Il Ministro della Pubblica Istruzione, come si diceva una volta, ha rilasciato la sua ennesima intervista “programmatica”, in questo caso al Corriere della Sera, all’interno della quale tenta di motivare alcune delle scelte fatte sino a questo momento in quel di Viale Trastevere, spiegarne altre ed anticiparne altre ancora. Forse perché incalzato dalle domande della collega del Corriere, forse perché preoccupato di trovarsi di fronte l’ennesimo quesito al quale rispondere “non ne so nulla, non mi risulta”, come fu costretto a fare quando la stampa gli chiese dettagli circa l’abolizione del numero chiuso annunciato a sorpresa al termine del Consiglio dei Ministri, sta di fatto anche in questa occasione, il Bussetti ‘uomo di scuola’ non ha entusiasmato né con le sue affermazioni, né dal punto di vista delle argomentazioni.

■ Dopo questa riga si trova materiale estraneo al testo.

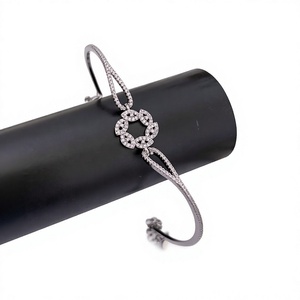 Bracelet manchette en alliage plaqué argent avec motif floral en zircon pour femme, style classique pour mariage - Product Image 1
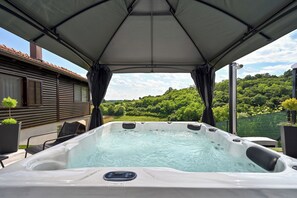 Outdoor spa tub - AquaHaven With Private Pool And Wellness (Veliko Trgovisce)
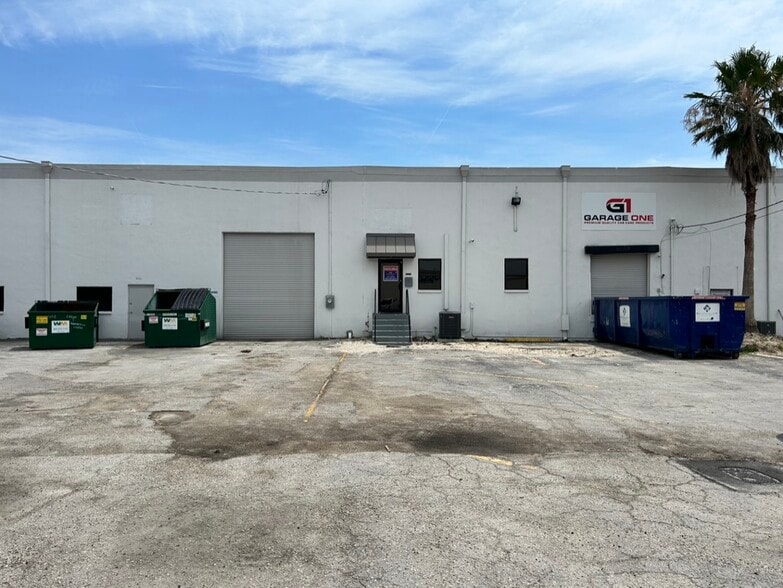 More Photos Of 5126-5136 W Idlewild Ave, Tampa Warehouse For Lease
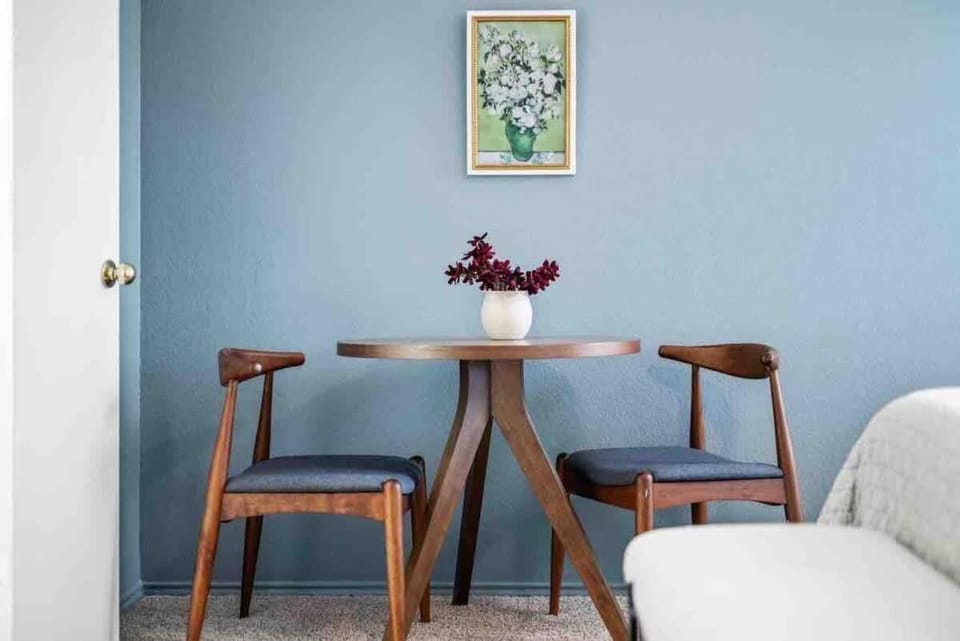 Living room, Decorative detail, Seating area, Dining area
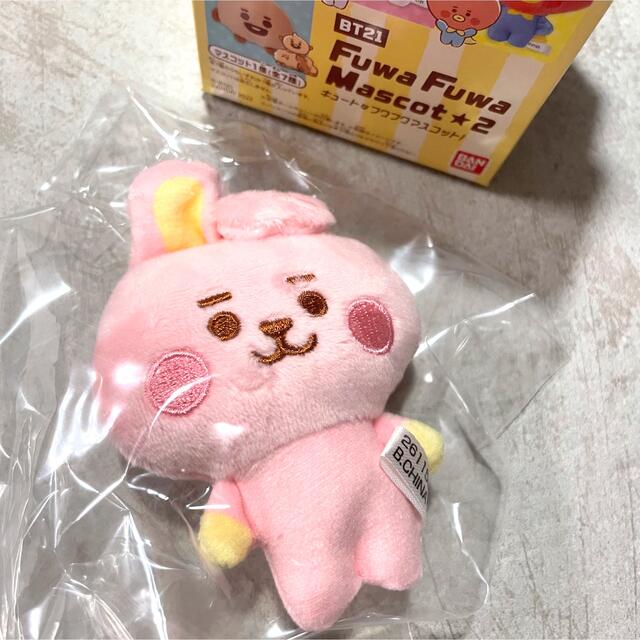 BT21(ビーティーイシビル)のふわふわマスコット2 ❤︎ COOKY エンタメ/ホビーのおもちゃ/ぬいぐるみ(キャラクターグッズ)の商品写真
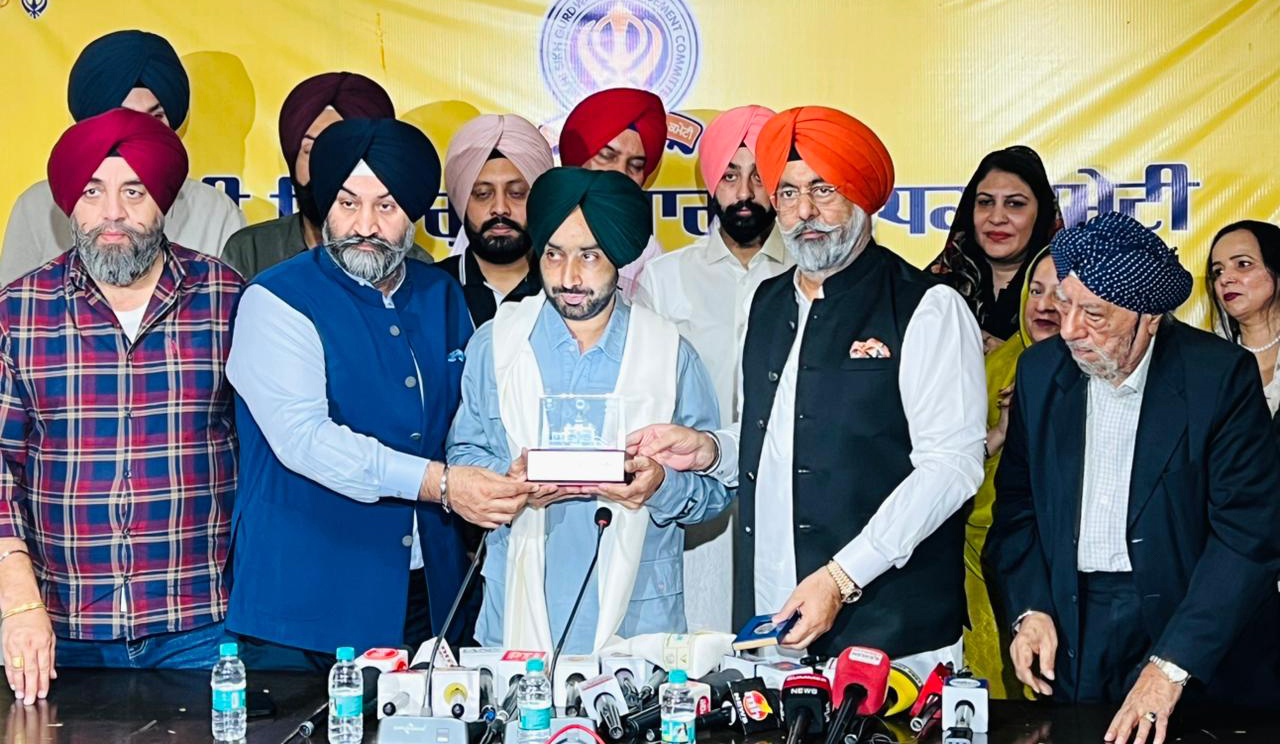 ਦਿੱਲੀ ਗੁਰਦੁਆਰਾ ਕਮੇਟੀ ਵੱਲੋਂ ਗਾਇਕ ਡਾ. ਸਤਿੰਦਰ ਸਰਤਾਜ ‘ਹਿੰਦ ਦੀ ਚਾਦਰ’ ਗੀਤ ਲਈ ਸਨਮਾਨਿਤ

Volendo essere brutalmente onesti, Bussetti ha fatto saltare sulla sedia più d’uno, soprattutto quando ha risposto alla domanda sull’assenza di fondi previsti in legge di bilancio per scuola e università: “Non chiederemo più soldi, non è detto che per migliorare servano più finanziamenti: la scuola deve diventare efficiente con quello che ha. Come diceva mia nonna: ci si scalda con la legna che si ha”. Nel pieno rispetto della nonna del Ministro e della cultura sapienziale che ha saputo trasmettere al nipote, la legna a disposizione è talmente poca che non scalderebbe nemmeno una scuola in buono stato di salute, figurarsi quella attuale, che Bussetti ha ereditato in grave ipotermia e che così morirà presto di freddo. Se non lo ha già fatto in dignitosa sordina.

La legna stipata in cascina per la scuola, ad onor del vero, non è mai stata molta e sicuramente sempre insufficiente rispetto sia all’importanza dell’istituzione, sia alla sua sopravvivenza. In caso contrario, solo per esempio, il Miur non avrebbe dovuto operare, siamo nel 2017, una decurtazione arbitraria delle ore di esecuzione musicale agli studenti già iscritti nei licei musicali. Se avesse avuto i fondi che non ha, non sarebbe stato un problema reclutare il numero di docenti sufficienti in proporzione agli studenti iscritti. E, soprattutto, se avesse avuto i soldi che non ha, non avrebbe dovuto subire ben 11 sentenze sfavorevoli, di cui una del Consiglio di Stato e l’ultima del Tar che, di fatto, commissaria il Miur per ristabilire la situazione antecedente alla nota del 2017. Tralascio di soffermarmi troppo su un aspetto che ritengo comunque di importanza sostanziale: non ci si può opporre con ostinazione all’attuazione di una sentenza (e ne sono passate in giudicato ben 11), fino al commissariamento, e poi pretendere di educare gli studenti alla legalità attraverso l’istituzione di una cabina di regia. Non fateci sopportare anche questo.

Sembra questione di lana caprina quella appena presa ad esempio ma traccia un confine importante, troppo spesso oltrepassato da un ministero in continuo affanno e troppo spesso costretto ad investire più in ricorsi, cause perse, risarcimenti ed avvocati, rispetto a didattica, innovazione, edilizia scolastica e reclutamento. Non si può scaldare con un cerino chi sta per morire assiderato, questo il Ministro lo capisca il prima possibile. Il problema di come affrontare l’inverno ce lo avranno i professori, che da dicembre torneranno, attraverso le sigle sindacali di riferimento, a trattare il rinnovo di contratto. Ma senza legna sarà dura anche lì. Poco possono fare i milioncini sfilati all’alternanza scuola lavoro, che forse andava veramente riorganizzata ma non privata dei fondi ad essa destinati.

Insomma, le questioni in ballo sono molteplici e rappresenterebbero ognuna un capitolo di spesa. Invece, il consiglio della nonna di Bussetti diviene merce preziosa e l’ammonimento del giorno è quello di accontentarsi del poco che si ha e che non è detto che serva molto di più per fare bene. Sarà. Qui il primo passo da compiere, ancora prima di stimare il quantitativo della legna in cascina, è capire se il malato risponde, se c’è ancora battito, se la scuola, Dio non voglia, non sia già morta di freddo.